Struff did it the hard way against one of the biggest names in his section of the draw. After losing the second set in a tiebreak, he steadied himself and closed out the match on a court where he said the crowd made the difference. “Ich bin glücklich. Das war ein toughes Match. Es waren schwierige Bedingungen,” he said, adding: “Eine überragende Unterstützung hier auf dem Court, es waren so viele Deutsche da. Einfach überragend.” Boris Becker called it “ein ganz wichtiger Sieg für unseren Mann.”
The result matters because Struff had arrived in Paris on the back foot. He had lost in the first round in Hamburg shortly before the clay-court major, and Bublik was not just any opponent: Struff had already beaten him clearly in Paris in 2024. This time, though, he had to dig deeper. The win also keeps German interest alive in the men’s draw after Alexander Zverev had already cleared the opening hurdle, while Daniel Altmaier was still to play Félix Auger-Aliassime on Tuesday.
For Struff, the victory adds another chapter to a late-career run that has repeatedly shown he can still trouble elite players on the biggest stages. He reached the French Open round of 16 in 2019 and did so again in 2021, and a repeat of that sort of run is still possible if he can carry Tuesday’s level into the next round. The draw now gives him a chance to build on a match that asked for patience, power and nerve in equal measure.

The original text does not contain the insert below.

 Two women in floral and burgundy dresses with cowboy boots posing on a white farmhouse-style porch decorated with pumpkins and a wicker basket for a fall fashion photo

Laura Siegemund, by contrast, was knocked out of the singles by Naomi Osaka after a 3:6, 6:7 (3:7) defeat. The 38-year-old world No. 47 said she was “enttäuscht” by the loss, but felt she had at least made Osaka uncomfortable. “Ich habe sie definitiv geärgert, ich habe das gemacht, was ich gut kann,” she said, before adding, “Habe ich heute mein bestes Tennis gespielt? Nein.” Siegemund was still scheduled to continue in women’s doubles and mixed doubles after the singles exit.
That split day for German tennis leaves Struff as the headline result in Paris, while Siegemund’s defeat underlines how narrow the margins can be on the first week of a Grand Slam. For Altmaier, who remains on court later in the day against Auger-Aliassime, the task is now clear: keep the German line moving forward, or leave Struff’s win as the day’s lone major success.